• [Problem requirements]: Retype the records below exactly as they stand, omitting the pictures.

──────── Task material

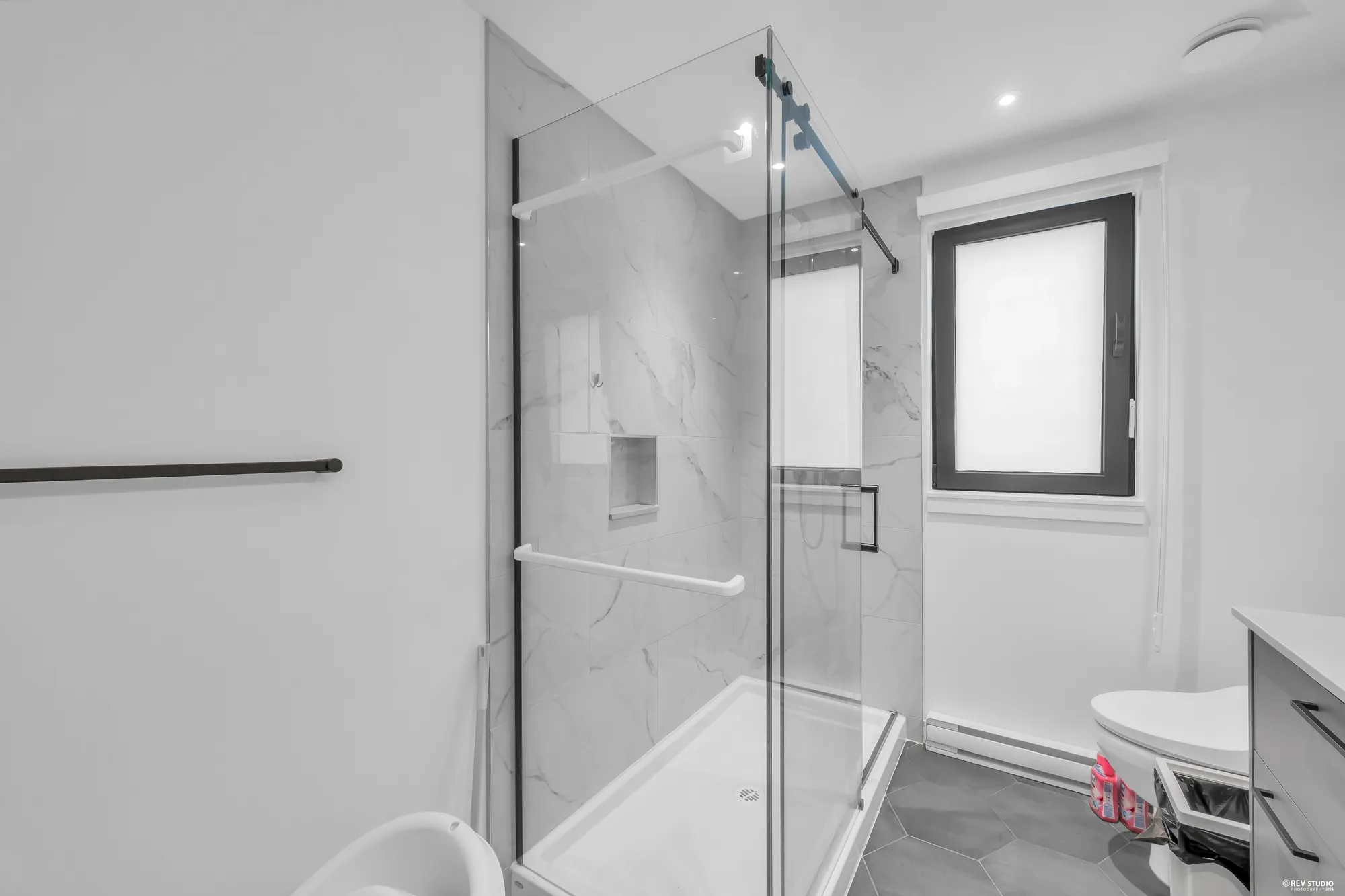 The shower in the primary bathroom: a sliding glass door, marble-look tile and a niche, a frosted window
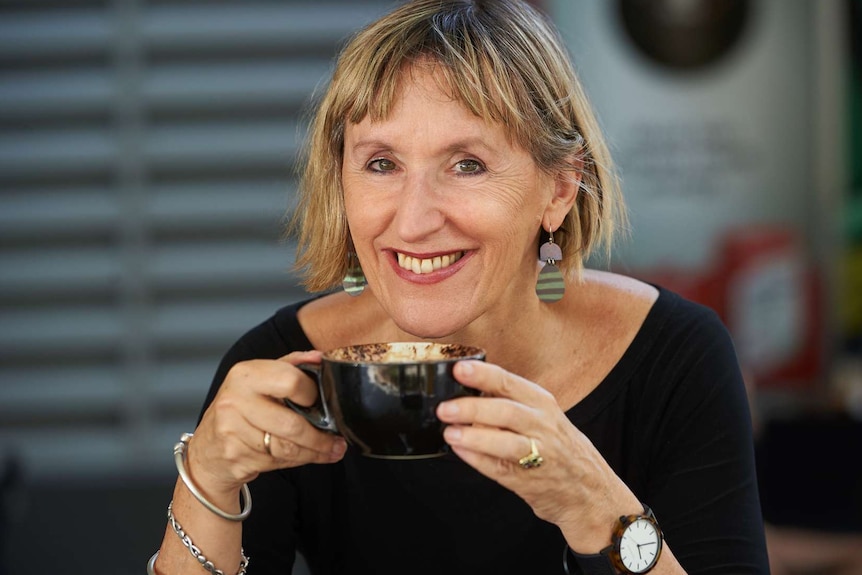 Lady drinking coffee with bright earrings on.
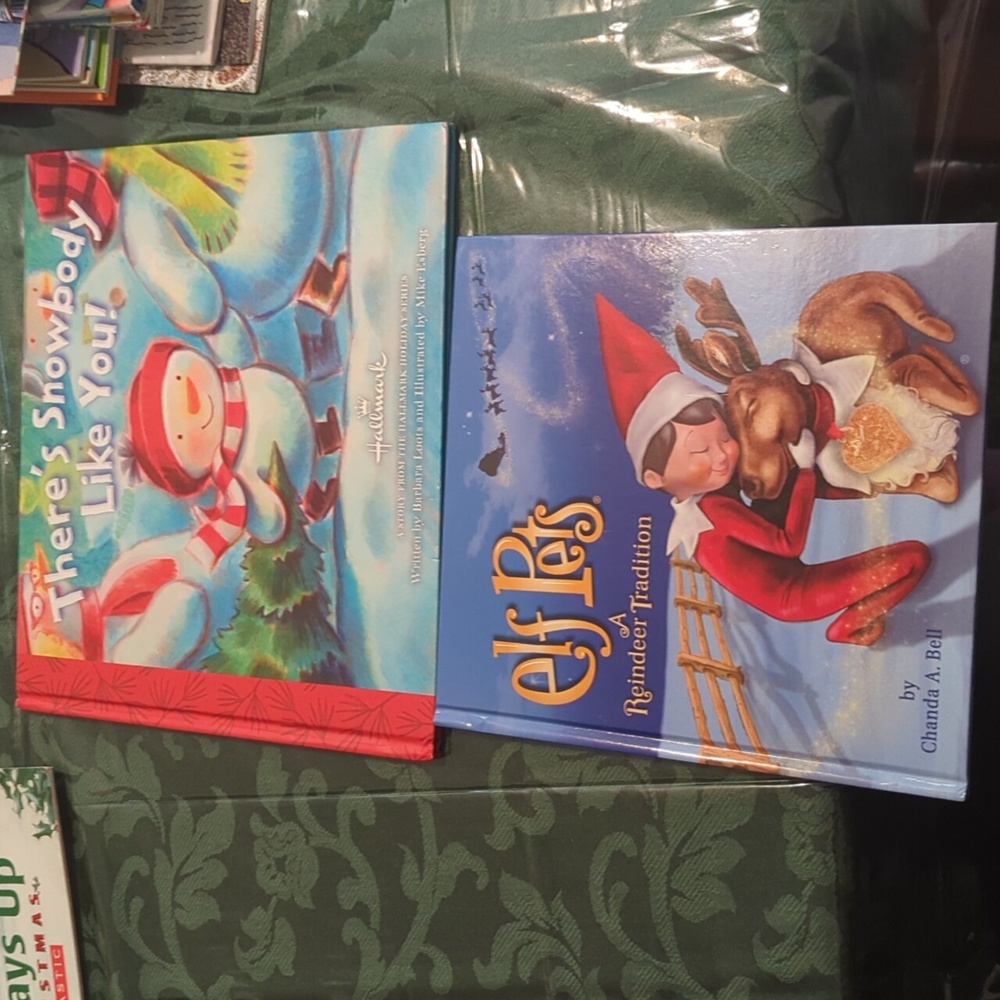 2  books Christmas books one is Hallmark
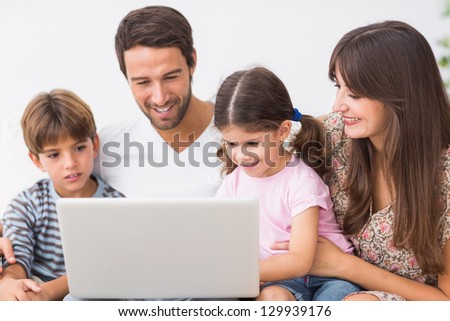 Smiling family on the couch using laptop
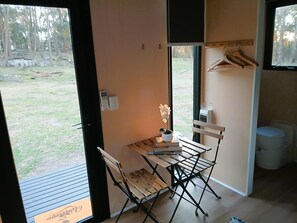 A room with a wooden table, chairs, a bench, a hanging clothes rack, and a window with a view of a grassy area.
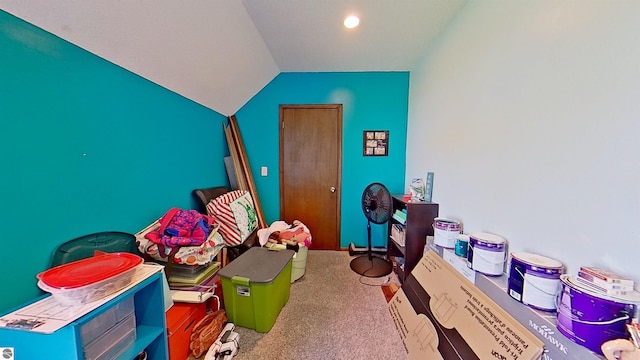 recreation room with carpet and vaulted ceiling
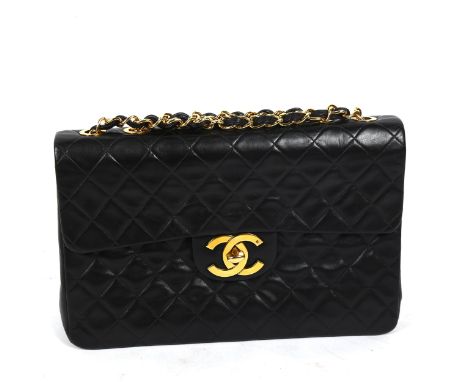 CHANEL - a Maxi Flap XL black lambskin handbag, with burgundy lining, serial no. 2864511, 1991, with authentication card and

────────────────

• [Written answer]:
 The shower in the primary bathroom: a sliding glass door, marble-look tile and a niche, a frosted window
 Lady drinking coffee with bright earrings on.
 2  books Christmas books one is Hallmark
 Smiling family on the couch using laptop
 A room with a wooden table, chairs, a bench, a hanging clothes rack, and a window with a view of a grassy area.
 recreation room with carpet and vaulted ceiling
 CHANEL - a Maxi Flap XL black lambskin handbag, with burgundy lining, serial no. 2864511, 1991, with authentication card and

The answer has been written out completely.